Concerted efforts to restrain or monopolize trade by petitioning government officials are protected from antitrust liability under the doctrine established by Noerr; Mine Workers v. Pennington, 381 U. S. 657, 669-672 (1965); and California Motor Transport Co. v. Trucking Unlimited, 404 U. S. 508 (1972). The scope of this protection depends, however, on the source, context, and nature of the anticompetitive restraint at issue. “[W]here a restraint upon trade or monopolization is the result of valid governmental action, as opposed to private action,” those urging the governmental action enjoy absolute immunity from antitrust liability for the anti-competitive restraint. Noerr, 365 U. S., at 136; see also Pennington, supra, at 671. In addition, where, independent of any government action, the anticompetitive restraint results directly from private action, the restraint cannot form the basis for antitrust liability if it is “incidental” to a valid effort to influence governmental action. Noerr, supra, at 143. The validity of such efforts, and thus the applicability of Noerr immunity, varies with the context and nature of the activity. A publicity campaign directed at the general public, seeking legislation or executive action, enjoys antitrust immunity even when the campaign employs unethical and deceptive methods. Noerr, supra, at 140-141. But in less political arenas, unethical and deceptive practices can constitute abuses of administrative or judicial processes that may result in antitrust violations. California Motor Transport, supra, at 512-513.

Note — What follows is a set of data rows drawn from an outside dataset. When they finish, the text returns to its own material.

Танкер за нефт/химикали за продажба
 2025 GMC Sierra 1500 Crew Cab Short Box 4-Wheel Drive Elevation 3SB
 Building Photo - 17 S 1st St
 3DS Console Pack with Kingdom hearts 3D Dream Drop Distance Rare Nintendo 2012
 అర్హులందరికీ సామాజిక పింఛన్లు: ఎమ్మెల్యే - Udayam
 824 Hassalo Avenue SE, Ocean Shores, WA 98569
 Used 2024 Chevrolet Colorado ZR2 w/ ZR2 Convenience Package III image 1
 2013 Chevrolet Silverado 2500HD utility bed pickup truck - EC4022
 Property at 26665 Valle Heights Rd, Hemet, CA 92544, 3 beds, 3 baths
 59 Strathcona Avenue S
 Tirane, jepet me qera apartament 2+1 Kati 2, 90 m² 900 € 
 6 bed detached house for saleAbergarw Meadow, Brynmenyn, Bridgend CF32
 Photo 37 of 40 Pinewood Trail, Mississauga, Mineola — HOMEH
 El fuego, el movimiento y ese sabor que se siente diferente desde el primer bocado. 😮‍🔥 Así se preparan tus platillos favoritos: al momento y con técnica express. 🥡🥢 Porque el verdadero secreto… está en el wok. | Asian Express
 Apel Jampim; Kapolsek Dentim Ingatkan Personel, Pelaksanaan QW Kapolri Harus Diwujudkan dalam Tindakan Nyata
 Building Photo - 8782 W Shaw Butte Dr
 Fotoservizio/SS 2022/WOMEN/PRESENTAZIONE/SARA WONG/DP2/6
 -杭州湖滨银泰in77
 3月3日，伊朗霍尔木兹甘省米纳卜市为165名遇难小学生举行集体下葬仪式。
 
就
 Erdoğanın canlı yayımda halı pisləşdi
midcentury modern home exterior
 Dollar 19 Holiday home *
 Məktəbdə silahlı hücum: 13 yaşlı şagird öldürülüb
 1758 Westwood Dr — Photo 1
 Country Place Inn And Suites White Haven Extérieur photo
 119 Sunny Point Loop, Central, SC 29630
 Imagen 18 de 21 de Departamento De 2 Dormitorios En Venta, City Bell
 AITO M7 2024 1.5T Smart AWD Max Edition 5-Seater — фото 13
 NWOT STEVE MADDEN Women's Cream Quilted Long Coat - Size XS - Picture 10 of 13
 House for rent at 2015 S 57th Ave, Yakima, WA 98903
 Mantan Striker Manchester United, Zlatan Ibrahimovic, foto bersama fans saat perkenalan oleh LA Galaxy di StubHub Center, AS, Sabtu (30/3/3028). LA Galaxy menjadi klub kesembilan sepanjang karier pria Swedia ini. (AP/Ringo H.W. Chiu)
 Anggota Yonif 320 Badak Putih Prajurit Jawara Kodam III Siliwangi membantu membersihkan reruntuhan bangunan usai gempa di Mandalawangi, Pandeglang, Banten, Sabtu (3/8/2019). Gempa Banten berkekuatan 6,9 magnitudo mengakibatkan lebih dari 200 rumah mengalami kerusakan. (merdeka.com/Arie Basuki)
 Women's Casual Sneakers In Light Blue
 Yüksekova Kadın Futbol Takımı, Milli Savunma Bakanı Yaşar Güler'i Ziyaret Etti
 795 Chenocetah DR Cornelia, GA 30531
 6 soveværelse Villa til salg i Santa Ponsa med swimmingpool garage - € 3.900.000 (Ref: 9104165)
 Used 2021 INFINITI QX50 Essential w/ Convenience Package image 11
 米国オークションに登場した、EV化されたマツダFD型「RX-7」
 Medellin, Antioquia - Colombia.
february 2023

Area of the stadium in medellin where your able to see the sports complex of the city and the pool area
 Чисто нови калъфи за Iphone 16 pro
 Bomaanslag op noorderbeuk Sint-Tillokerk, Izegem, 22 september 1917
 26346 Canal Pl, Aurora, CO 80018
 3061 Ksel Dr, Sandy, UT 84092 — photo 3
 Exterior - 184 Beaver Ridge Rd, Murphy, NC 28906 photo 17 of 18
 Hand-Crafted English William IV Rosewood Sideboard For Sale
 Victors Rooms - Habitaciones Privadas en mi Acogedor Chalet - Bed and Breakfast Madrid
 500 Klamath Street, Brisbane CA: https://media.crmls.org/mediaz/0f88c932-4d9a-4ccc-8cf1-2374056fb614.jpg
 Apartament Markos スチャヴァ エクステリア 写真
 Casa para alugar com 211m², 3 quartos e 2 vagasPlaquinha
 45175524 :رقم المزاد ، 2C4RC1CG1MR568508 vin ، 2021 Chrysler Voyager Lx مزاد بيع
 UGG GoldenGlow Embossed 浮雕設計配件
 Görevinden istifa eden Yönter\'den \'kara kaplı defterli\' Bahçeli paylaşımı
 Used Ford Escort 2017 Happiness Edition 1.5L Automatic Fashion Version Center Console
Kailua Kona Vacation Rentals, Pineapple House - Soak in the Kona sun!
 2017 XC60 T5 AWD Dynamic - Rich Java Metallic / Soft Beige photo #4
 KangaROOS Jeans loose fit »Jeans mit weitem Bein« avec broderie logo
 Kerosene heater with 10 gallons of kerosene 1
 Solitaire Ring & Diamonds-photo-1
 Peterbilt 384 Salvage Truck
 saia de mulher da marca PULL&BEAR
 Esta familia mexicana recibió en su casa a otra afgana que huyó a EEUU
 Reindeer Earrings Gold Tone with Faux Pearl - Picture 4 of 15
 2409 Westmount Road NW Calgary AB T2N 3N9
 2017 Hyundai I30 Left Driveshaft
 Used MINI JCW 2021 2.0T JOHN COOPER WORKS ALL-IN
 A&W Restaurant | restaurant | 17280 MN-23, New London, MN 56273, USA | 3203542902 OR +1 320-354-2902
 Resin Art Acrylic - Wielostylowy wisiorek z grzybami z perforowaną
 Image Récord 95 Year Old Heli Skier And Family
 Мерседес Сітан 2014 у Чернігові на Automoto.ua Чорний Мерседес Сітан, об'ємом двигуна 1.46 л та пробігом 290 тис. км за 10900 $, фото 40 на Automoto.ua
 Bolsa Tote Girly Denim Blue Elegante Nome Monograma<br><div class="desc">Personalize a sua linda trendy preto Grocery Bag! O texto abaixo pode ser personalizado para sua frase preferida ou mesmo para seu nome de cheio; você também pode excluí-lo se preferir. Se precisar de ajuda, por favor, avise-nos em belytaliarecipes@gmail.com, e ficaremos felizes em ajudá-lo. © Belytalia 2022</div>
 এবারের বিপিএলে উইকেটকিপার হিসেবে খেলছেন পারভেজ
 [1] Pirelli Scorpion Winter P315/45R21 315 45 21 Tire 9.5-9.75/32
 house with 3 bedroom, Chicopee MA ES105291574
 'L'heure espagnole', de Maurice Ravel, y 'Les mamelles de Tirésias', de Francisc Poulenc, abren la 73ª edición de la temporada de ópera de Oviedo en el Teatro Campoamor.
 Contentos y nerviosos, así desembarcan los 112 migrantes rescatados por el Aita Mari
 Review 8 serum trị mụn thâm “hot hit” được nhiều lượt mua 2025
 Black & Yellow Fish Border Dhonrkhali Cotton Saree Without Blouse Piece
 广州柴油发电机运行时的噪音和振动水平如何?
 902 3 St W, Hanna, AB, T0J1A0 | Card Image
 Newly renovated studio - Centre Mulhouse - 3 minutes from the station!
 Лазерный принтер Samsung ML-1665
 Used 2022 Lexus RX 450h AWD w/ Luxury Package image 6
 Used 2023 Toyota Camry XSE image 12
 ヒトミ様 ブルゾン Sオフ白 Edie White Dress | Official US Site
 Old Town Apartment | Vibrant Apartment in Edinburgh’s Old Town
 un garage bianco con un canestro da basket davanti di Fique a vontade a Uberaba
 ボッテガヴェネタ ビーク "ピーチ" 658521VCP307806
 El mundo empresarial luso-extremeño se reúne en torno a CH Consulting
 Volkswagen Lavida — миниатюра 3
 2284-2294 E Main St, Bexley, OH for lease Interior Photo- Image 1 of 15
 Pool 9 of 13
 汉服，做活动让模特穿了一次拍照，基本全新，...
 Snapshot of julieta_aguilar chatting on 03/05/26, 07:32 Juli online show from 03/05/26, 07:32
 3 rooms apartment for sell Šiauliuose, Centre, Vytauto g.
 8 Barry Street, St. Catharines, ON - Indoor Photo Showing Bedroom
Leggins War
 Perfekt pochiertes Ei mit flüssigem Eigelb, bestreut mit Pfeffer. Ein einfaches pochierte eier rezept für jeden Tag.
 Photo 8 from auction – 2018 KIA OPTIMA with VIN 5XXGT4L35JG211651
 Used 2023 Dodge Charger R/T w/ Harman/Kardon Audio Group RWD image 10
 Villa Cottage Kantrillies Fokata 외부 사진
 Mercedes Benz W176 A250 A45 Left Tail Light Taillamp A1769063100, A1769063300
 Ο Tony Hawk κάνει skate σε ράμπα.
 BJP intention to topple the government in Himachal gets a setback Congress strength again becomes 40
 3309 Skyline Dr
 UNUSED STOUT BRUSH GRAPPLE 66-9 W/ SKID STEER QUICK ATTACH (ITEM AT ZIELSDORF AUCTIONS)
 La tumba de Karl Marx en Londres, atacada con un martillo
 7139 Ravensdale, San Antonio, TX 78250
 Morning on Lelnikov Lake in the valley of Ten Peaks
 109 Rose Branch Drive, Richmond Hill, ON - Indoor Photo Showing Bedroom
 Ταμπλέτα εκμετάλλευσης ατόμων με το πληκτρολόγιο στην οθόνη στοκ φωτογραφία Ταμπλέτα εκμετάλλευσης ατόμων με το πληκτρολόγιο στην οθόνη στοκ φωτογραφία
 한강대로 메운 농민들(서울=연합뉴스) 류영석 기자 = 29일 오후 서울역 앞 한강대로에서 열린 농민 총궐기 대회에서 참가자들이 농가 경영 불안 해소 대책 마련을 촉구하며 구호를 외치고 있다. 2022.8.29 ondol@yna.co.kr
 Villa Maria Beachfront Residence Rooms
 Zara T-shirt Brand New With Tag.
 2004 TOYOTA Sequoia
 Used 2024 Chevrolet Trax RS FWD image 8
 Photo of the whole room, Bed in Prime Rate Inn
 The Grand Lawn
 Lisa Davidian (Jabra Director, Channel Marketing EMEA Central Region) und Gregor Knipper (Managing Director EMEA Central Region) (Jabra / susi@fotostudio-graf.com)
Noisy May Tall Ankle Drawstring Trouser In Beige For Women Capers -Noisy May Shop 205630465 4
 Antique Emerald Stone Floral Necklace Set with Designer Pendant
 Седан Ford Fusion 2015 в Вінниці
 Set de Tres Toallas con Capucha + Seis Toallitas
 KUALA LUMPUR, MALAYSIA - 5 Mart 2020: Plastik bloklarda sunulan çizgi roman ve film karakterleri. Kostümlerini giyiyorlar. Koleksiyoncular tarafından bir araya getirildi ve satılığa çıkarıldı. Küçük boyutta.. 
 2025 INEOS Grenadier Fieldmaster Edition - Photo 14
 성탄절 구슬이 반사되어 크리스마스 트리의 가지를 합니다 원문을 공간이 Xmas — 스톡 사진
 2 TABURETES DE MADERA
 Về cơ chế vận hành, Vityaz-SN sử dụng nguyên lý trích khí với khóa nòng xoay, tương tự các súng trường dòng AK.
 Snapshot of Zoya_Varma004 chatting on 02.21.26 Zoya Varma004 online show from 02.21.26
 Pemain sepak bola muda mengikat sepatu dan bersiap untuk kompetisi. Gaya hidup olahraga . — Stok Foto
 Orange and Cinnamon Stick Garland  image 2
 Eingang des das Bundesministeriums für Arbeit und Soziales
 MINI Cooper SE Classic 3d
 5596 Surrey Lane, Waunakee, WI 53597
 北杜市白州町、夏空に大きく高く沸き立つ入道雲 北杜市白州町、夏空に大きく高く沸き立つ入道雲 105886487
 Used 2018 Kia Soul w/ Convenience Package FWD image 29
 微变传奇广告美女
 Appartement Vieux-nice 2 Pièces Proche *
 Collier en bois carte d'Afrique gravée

In this case, the restraint of trade on which liability was predicated was the Association’s exclusion of respondent’s product from the Code, and no damages were imposed for the incorporation of that Code by any government. The relevant context is thus the standard-setting process of a private association. Typically, private standard-setting associations, like the Association in this case, include members having horizontal and vertical business relations. See generally 7 P. Areeda, Antitrust Law ¶ 1477, p. 343 (1986) (trade and standard-setting associations routinely treated as continuing conspiracies of their members). There is no doubt that the members of such associations often have economic incentives to restrain competition and that the product standards set by such associations have a serious potential for anticompetitive harm. See American Society of Mechanical Engineers, Inc. v. Hydrolevel Corp., 456 U. S. 556, 571 (1982). Agreement on a product standard is, after all, implicitly an agreement not to manufacture, distribute, or purchase certain types of products. Accordingly, private standard-setting associations have traditionally been objects of antitrust scrutiny. See, e. g., ibid.; Radiant Burners, Inc. v. Peoples Gas Light & Coke Co., 364 U. S. 656 (1961) (per curiam). See also FTC v. Indiana Federation of Dentists, 476 U. S. 447 (1986). When, however, private associations promulgate safety standards based on the merits of objective expert judgments and through procedures that prevent the standard-setting process from being biased by members with economic interests in stifling product competition, cf. Hydrolevel, supra, at 570-573 (noting absence of “meaningful safeguards”), those private standards can have significant procompetitive advantages. It is this potential for pro-competitive benefits that has led most lower courts to apply rule-of-reason analysis to product standard-setting by private associations.

Given this context, petitioner does not enjoy the immunity accorded those who merely urge the government to restrain trade. We agree with the Court of Appeals that the Association cannot be treated as a “quasi-legislative” body simply because legislatures routinely adopt the Code the Association publishes. 817 F. 2d, at 943-944. Whatever de facto authority the Association enjoys, no official authority has been conferred on it by any government, and the decisionmaking body of the Association is composed, at least in part, of persons with economic incentives to restrain trade. See Continental Ore Co. v. Union Carbide & Carbon Corp., 370 U. S. 690, 707-708 (1962). See also id., at 706-707; Goldfarb v. Virginia State Bar, 421 U. S. 773, 791-792 (1975). “We may presume, absent a showing to the contrary, that [a government] acts in the public interest. A private party, on the other hand, may be presumed to be acting primarily on his or its own behalf.” Hallie v. Eau Claire, 471 U. S. 34, 45 (1985). The dividing line between restraints resulting from governmental action and those resulting from private action may not always be obvious. But where, as here, the restraint is imposed by persons unaccountable to the public and without official authority, many of whom have personal financial interests in restraining competition, we have no difficulty concluding that the restraint has resulted from private action.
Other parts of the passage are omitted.